Videos circulating on social media and verified by NBC News appeared to show Syrians celebrating across Damascus overnight and into the day, as crowds honked horns, waved flags and fired their guns into the air, while others posed for selfies standing on top of a tank.
Photos and video showed people toppling statues of Hafez al-Assad, father of ousted President Bashar Al-Assad, in cities across Syria, including in the Assad stronghold of Latakia.
Assad fled the country and relinquished the presidency. That was confirmed by patron Russia, which supported the regime in crushing what started as a peaceful protest movement and became a vicious civil war.
“As a result of negotiations between Bashar Assad and a number of participants in the armed conflict on the territory of the Syrian Arab Republic, he decided to leave the presidential post and left the country, giving instructions to transfer power peacefully,” according to a Russian Foreign Affairs Ministry statement.
Russian state media reported Sunday that Assad fled to Moscow. A senior Biden administration official confirmed that Russia has given Assad asylum.
Syria’s prime minister, Ghazi al-Jalali, remained in his home, he said in an earlier statement, and does not intend to leave “except in a peaceful manner that ensures the continued functioning of public institutions and state facilities, promoting security and reassurance for our fellow citizens.”
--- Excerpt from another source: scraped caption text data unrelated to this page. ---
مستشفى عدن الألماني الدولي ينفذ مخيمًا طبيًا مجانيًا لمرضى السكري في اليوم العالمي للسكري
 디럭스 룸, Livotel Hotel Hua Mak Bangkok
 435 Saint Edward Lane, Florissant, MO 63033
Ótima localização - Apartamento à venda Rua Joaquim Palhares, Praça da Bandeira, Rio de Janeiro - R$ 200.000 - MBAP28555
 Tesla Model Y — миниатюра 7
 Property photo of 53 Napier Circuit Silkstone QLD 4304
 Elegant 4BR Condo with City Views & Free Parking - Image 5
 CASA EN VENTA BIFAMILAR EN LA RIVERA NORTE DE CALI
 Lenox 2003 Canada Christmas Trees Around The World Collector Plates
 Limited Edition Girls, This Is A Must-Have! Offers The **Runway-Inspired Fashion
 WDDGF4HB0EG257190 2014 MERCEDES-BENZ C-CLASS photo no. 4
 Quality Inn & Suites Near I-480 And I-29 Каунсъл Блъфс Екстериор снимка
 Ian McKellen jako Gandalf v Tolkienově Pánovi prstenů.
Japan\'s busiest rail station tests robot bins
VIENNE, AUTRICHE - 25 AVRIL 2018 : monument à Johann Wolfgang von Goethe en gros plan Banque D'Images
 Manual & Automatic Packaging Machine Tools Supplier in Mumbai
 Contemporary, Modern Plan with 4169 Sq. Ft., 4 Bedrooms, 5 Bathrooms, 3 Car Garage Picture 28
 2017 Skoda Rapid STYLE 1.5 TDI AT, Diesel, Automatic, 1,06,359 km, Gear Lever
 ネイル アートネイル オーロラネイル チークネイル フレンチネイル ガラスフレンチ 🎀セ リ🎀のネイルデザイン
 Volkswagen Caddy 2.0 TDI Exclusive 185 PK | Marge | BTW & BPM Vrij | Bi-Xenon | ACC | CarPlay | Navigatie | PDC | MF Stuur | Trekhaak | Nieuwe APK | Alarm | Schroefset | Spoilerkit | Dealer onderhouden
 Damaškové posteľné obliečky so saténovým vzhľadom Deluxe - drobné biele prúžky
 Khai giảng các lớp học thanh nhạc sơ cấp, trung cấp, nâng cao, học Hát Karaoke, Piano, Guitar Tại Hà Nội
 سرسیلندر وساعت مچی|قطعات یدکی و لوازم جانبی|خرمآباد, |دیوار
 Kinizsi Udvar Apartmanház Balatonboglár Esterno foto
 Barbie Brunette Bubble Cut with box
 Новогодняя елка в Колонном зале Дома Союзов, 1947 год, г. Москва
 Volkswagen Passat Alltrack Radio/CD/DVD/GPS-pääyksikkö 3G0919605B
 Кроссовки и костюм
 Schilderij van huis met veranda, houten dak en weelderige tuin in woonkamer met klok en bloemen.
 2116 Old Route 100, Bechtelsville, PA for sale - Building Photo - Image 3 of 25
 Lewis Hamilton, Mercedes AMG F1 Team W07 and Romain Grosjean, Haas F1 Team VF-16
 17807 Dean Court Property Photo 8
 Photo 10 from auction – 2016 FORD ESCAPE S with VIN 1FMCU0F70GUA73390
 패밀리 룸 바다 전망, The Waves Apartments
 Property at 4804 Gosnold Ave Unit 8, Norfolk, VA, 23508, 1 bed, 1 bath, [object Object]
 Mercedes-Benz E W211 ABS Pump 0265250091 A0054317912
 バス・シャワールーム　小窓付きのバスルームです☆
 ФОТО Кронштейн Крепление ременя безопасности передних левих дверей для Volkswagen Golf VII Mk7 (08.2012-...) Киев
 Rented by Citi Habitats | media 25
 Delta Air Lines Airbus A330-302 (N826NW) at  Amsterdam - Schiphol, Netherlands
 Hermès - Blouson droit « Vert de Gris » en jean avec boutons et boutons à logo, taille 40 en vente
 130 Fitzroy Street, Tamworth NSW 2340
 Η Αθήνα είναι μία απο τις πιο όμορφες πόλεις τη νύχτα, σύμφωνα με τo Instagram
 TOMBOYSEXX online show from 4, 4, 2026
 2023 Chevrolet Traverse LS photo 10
He said the government is ready to cooperate with “any leadership chosen by the Syrian people.”
HTS General Command said it also freed the people being held in Sednaya Prison. The Syrian government has detained thousands at the military prison on the outskirts of Damascus, according to Reuters.
“We announce to the Syrian people the news of the liberation of our captives and the breaking of their chains, proclaiming the end of the era of oppression in Sednaya Prison.”
Syrian state radio, Sham FM, reported that Damascus International Airport had been evacuated, all employees removed and all flights suspended. It was not clear Sunday who was in charge of the state outlet.
International reaction
President Joe Biden on Sunday lauded the fall of the Assad regime.
“At long last, the Assad regime has fallen,” Biden said near the beginning of his speech.
He added, “It’s a moment of historic opportunity for the long-suffering people of Syria to build a better future for their proud country,” but he warned: “It’s also a moment of risk and uncertainty as we all turn to the question of what comes next.”
Biden outlined continued U.S. involvement in Syria, saying, “We will engage with all Syrian groups, including within the process led by the United Nations, to establish a transition away from the Assad regime, toward independent, sovereign and independent … Syria with a new constitution, new government that serves all Syrians.”
HTS origins
HTS grew out of the former Al Qaeda affiliate Jabhat al-Nusra and is designated as a terrorist organization by the United States and the United Nations.
It’s one of several competing forces in Syria fighting to bring down the Assad regime that, since the beginning of the country’s civil war almost 14 years ago, has killed hundreds of thousands of Syrians.
A 2020 ceasefire left Assad in control of 70% of Syria, but some 6.8 million Syrians have fled the country.
Many have gone to Europe, where the sudden influx of Syrian refugees has fueled a resurgence of anti-immigrant far-right movements from Portugal to Poland.
The recent battlefield successes of HTS are the culmination of four years of trying to turn the rebel forces into a force capable of challenging Assad’s army and equipping them with drones and other high-tech weapons of war, experts have said.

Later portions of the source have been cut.